National music centre back on agenda for Royal High School
Updated plans have been unveiled to transform the former Royal High School into a national centre for music.
The Royal High School Preservation Trust (RHSPT) has put forward detailed proposals to the City of Edinburgh Council for the restoration of the iconic Thomas Hamilton building on Calton Hill as a “world-class centre for music education and public performance for the benefit of the whole of Scotland”.
Submitted in response to the council’s search for a long-term use for the old Royal High School, the Trust’s ambitions have evolved into a vision for a new National Centre for Music with clearly defined spaces for classical music education, community access and engagement and performance.
The design team on the project includes Richard Murphy Architects, architects, design and accessibility; Simpson and Brown, conservation architects; Optimised Environments (OP-EN), landscaping and environment; and David Narro Associates, civil engineers.
St Mary’s Music School, Scotland’s national music school, remains at the heart of the proposal, which received unanimous planning approval by Edinburgh councillors in 2016. In addition, the proposals include a café, gallery and visitor centre, set in generous and fully accessible public gardens.
Critically, the updated proposal brings together a network of partner organisations, alongside St Mary’s Music School, including the Benedetti Foundation and IMPACT Scotland (International Music and Performing Arts Charitable Trust) with a shared vision of creating a new platform for musical collaborations, both within the building, online and out in the wider community.
An independent poll commissioned by the RHSPT in August 2021 shows that more than three quarters (76%) of 1,622 respondents across Scotland agreed that a National Centre for Music is a suitable use for the building while two thirds (66%) of respondents across Scotland agreed that the old Royal High should be used for cultural rather than commercial purposes. Support was greater still in Edinburgh, where 82% of 533 local residents supported the building’s use as a National Centre for Music.
Backed by an expanded gift from philanthropist Carol Colburn Grigor and Dunard Fund totalling £55 million to cover the capital costs and support the future maintenance of the Thomas Hamilton building, the proposals have also been tested for economic sustainability by BOP Consulting, an international consultancy specialising in culture and the creative economy.
William Gray Muir, chairman of The Royal High School Preservation Trust, said: “The restoration of the old Royal High remains one of the most exciting and important cultural developments in Edinburgh and indeed the whole of Scotland.
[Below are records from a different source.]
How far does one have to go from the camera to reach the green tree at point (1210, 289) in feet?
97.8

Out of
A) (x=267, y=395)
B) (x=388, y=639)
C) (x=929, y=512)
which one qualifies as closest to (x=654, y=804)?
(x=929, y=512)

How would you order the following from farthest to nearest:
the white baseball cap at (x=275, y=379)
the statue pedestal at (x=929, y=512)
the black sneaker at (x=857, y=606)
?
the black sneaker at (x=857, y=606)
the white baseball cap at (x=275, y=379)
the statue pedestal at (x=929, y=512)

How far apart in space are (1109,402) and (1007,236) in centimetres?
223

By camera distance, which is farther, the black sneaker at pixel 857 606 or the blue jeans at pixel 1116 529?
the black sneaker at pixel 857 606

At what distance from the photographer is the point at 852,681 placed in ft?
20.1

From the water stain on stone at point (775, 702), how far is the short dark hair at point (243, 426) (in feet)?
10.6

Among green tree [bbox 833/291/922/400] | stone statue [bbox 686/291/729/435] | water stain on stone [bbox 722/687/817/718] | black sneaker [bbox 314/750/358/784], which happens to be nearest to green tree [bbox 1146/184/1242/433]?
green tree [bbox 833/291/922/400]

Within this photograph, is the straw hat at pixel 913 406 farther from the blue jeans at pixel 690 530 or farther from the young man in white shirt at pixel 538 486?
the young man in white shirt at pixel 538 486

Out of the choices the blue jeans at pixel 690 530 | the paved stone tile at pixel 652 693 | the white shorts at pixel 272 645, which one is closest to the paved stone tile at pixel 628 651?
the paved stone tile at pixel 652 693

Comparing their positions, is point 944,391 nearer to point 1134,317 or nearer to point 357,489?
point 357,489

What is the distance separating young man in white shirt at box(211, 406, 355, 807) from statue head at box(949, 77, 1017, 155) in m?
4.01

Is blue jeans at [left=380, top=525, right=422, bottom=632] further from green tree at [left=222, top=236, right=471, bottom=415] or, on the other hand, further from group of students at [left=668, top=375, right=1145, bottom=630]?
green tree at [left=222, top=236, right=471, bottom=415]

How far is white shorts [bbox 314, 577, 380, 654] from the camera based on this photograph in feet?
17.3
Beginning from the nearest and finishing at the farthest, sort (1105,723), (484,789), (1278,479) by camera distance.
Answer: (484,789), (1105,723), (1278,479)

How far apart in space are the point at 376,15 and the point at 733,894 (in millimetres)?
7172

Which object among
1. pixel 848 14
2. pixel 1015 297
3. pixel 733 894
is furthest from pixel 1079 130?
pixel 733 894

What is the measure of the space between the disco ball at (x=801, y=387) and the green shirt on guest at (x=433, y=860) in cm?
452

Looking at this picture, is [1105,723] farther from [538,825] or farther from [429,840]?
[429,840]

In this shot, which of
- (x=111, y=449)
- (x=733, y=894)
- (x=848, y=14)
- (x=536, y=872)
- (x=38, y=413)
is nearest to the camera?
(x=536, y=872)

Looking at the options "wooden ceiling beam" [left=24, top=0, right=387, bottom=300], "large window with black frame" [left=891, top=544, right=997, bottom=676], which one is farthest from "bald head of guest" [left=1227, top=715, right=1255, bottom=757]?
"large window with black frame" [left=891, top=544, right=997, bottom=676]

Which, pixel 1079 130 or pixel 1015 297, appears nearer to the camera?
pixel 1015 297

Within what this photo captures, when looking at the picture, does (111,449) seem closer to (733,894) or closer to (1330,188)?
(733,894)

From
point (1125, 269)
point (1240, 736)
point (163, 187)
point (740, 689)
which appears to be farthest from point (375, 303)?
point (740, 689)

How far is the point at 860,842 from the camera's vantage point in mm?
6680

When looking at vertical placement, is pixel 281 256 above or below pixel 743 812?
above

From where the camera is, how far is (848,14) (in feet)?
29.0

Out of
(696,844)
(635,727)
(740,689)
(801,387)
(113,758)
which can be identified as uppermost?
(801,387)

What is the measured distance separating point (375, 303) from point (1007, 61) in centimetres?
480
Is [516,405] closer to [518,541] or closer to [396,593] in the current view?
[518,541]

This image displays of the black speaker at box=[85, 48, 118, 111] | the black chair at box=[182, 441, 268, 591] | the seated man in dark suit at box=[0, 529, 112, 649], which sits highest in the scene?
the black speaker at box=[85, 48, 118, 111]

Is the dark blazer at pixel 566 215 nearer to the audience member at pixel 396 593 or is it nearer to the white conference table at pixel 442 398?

Our goal is that as well as providing an exemplary use for the building, excellence in accessibility and inclusion will be absolutely central to the ethos of how the Royal High School is used.
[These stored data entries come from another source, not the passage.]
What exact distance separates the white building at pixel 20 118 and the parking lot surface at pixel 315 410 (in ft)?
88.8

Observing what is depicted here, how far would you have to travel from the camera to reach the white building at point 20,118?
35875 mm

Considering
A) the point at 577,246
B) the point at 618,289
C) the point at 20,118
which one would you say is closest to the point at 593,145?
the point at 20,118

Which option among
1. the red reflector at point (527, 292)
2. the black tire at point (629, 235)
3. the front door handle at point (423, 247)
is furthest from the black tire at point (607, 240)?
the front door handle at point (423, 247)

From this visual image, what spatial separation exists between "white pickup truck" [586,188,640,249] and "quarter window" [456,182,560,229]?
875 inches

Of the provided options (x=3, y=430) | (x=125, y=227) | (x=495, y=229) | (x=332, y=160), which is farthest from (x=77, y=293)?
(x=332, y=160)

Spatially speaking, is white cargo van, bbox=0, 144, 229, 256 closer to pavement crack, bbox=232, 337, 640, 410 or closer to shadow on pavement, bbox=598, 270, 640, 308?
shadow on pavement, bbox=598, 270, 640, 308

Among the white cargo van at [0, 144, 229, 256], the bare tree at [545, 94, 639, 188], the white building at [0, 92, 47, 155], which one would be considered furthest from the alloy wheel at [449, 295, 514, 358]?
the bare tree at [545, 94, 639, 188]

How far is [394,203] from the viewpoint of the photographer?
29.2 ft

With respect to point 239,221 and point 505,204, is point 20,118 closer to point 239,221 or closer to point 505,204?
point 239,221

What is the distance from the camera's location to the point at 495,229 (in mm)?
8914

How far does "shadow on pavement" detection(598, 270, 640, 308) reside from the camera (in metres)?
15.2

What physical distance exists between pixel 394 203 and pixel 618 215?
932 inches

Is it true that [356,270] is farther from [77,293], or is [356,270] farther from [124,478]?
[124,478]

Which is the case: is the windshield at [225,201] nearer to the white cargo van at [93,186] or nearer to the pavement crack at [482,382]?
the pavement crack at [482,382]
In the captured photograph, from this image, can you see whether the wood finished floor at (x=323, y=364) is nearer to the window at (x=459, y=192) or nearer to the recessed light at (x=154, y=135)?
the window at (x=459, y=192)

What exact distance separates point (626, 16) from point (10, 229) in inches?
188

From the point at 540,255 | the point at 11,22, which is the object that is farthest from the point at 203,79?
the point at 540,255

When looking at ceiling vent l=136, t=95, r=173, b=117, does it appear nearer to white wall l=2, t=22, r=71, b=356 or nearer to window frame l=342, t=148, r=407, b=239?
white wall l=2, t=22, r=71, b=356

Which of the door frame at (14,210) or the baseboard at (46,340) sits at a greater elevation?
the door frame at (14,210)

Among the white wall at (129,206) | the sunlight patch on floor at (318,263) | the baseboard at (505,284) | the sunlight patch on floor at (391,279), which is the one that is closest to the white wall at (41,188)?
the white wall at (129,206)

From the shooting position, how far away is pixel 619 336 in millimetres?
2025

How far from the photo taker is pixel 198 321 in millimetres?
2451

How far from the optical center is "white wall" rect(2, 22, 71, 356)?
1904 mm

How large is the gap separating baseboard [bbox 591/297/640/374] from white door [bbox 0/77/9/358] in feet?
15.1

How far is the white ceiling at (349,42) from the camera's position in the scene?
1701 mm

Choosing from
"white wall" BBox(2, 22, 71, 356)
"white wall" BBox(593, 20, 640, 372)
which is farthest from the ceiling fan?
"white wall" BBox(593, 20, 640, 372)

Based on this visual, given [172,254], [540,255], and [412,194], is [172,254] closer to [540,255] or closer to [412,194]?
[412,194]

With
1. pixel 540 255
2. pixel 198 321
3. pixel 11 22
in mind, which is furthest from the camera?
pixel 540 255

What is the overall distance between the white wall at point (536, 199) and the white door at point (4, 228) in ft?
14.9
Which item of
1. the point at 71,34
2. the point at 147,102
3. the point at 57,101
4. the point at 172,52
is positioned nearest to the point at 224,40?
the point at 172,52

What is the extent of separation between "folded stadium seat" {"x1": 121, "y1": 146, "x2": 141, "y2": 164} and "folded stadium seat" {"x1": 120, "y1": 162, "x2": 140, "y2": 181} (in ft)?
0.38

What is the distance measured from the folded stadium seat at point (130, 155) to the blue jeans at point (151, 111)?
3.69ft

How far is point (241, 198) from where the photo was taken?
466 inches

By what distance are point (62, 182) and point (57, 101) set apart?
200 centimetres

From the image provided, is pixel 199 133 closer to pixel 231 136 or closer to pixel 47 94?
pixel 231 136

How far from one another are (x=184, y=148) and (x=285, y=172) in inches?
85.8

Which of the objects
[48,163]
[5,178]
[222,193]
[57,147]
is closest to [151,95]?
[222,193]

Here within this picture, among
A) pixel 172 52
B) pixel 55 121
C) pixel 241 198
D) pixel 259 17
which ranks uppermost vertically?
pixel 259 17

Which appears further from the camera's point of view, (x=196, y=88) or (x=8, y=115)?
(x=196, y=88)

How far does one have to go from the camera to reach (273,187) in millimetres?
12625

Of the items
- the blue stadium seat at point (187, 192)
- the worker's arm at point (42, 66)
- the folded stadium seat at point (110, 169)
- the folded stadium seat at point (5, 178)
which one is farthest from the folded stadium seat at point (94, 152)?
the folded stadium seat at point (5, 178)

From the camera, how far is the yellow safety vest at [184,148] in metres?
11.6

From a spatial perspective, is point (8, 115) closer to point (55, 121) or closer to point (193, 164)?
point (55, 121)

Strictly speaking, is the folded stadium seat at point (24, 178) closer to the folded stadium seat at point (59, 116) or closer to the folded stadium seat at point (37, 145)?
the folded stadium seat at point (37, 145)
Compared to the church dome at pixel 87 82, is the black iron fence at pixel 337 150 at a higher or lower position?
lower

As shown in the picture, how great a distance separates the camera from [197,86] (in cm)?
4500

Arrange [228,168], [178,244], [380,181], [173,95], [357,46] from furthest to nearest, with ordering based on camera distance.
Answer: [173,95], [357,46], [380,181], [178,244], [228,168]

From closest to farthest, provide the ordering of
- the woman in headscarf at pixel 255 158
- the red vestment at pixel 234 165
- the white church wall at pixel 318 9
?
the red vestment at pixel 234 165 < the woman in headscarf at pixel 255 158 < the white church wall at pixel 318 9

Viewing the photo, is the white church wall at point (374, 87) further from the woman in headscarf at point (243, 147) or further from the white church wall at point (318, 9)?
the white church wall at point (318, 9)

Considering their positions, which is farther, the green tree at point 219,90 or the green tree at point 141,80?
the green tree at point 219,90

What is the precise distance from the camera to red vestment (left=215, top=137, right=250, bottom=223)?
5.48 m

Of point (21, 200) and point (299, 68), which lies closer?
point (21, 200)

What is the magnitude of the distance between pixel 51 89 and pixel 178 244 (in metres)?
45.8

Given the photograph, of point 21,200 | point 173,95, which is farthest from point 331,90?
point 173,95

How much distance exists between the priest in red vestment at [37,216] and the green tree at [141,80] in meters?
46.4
“The passage of time from 2016 to 2021 has allowed us to consult on and revise some aspects of our design proposal and to evolve our ambitions for the building to create a vision for a new National Centre for Music. In doing so we have brought in new partners in IMPACT Scotland and the Benedetti Foundation, who with us and St Mary’s Music School see this project as a means to create an entirely new way for everyone to engage with and enjoy classical music and the arts. It has the potential to show Scotland and Edinburgh at a new vanguard of classical music education and cultural inclusion.”
Analysis by BOP Consulting predicts the project will contribute nearly £100m to the Edinburgh economy over 30 years. The capital phase alone will generate over £30m in net economic value, while the ongoing economic impact for the city is expected to be in the region of £3.7m per annum through its operation. This is the equivalent of 342 jobs created in the first three years of the project.
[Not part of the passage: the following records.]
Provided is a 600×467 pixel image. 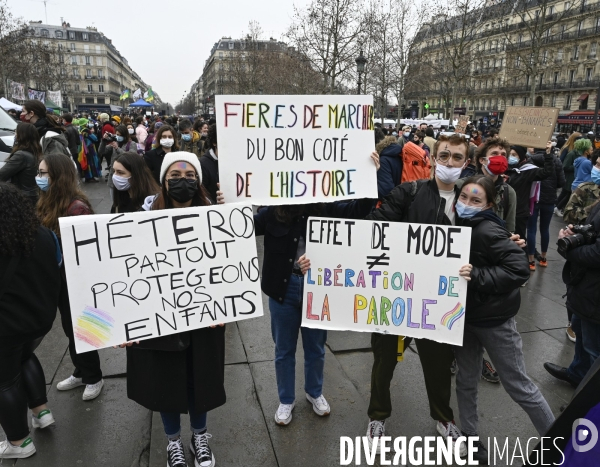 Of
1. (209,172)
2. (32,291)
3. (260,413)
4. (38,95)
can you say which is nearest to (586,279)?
(260,413)

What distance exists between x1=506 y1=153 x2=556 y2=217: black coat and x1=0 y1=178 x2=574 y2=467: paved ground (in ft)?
6.50

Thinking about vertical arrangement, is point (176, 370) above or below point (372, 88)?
below

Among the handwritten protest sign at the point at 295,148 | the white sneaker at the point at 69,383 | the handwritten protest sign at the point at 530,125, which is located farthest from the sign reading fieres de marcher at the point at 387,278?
the handwritten protest sign at the point at 530,125

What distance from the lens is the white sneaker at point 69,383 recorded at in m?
3.48

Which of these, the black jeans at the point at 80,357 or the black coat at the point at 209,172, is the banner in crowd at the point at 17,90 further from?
the black jeans at the point at 80,357

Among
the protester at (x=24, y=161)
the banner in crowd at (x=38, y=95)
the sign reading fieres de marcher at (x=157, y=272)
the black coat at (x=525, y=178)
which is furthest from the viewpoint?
the banner in crowd at (x=38, y=95)

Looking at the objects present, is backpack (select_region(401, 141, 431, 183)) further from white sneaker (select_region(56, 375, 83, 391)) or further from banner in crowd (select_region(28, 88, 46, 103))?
banner in crowd (select_region(28, 88, 46, 103))

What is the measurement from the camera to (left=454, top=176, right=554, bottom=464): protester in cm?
251

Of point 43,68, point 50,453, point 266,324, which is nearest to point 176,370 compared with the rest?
point 50,453

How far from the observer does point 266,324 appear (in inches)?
185

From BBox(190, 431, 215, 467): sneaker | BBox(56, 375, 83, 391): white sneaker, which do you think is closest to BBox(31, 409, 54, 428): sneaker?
BBox(56, 375, 83, 391): white sneaker

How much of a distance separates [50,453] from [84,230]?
1.59 m

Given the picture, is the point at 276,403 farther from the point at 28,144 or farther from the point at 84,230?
the point at 28,144

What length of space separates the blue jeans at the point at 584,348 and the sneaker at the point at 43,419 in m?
3.82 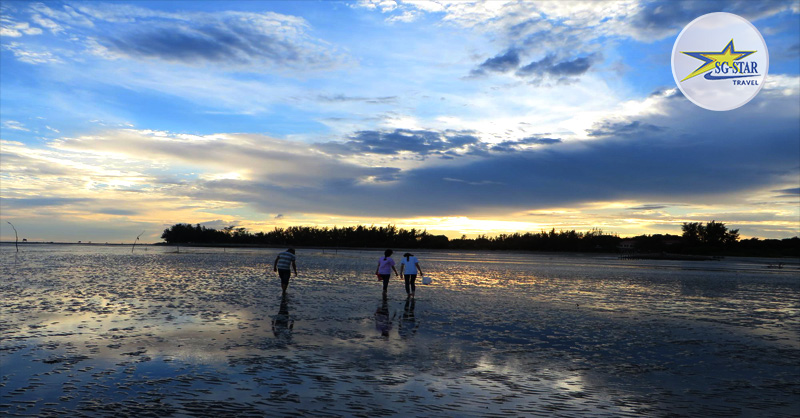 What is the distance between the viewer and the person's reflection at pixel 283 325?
40.5ft

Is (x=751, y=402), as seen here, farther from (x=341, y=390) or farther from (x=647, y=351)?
(x=341, y=390)

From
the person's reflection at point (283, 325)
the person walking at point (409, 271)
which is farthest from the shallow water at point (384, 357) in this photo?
the person walking at point (409, 271)

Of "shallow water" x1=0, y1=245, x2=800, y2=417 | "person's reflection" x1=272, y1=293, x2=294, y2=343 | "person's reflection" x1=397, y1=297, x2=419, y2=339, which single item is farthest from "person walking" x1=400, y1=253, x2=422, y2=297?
"person's reflection" x1=272, y1=293, x2=294, y2=343

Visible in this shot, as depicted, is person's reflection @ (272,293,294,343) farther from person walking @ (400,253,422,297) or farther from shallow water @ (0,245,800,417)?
Result: person walking @ (400,253,422,297)

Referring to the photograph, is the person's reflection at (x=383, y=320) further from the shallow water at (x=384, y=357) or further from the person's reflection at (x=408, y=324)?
the person's reflection at (x=408, y=324)

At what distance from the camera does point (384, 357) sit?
10.4 metres

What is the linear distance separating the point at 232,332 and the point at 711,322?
1457 centimetres

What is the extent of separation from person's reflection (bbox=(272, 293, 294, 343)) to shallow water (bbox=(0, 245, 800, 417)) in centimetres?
6

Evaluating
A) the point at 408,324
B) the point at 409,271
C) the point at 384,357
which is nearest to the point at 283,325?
the point at 408,324

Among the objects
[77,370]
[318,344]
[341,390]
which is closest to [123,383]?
[77,370]

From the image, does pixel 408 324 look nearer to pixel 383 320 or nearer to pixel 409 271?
pixel 383 320

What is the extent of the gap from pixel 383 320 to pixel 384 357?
492 cm

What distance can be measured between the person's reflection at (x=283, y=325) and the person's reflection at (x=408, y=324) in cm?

William Gray Muir added: “To facilitate this expanded vision and lock in the economic sustainability of the plans, the Trust has received increased funding now totalling £55 million. We are enormously grateful to Dunard Fund and Carol Colburn Grigor for their unfailing generosity toward not just the RHSPT but other arts projects across Scotland. Their positive legacy will leave an indelible mark in Scotland’s cultural and economic landscape for generations to come.”
Duddingston House Properties and Urbanist Hotels, who had their revised plans for a 127-room redevelopment of the building knocked back by the Scottish Government in November following a public inquiry, have vowed to return with fresh proposals for the site.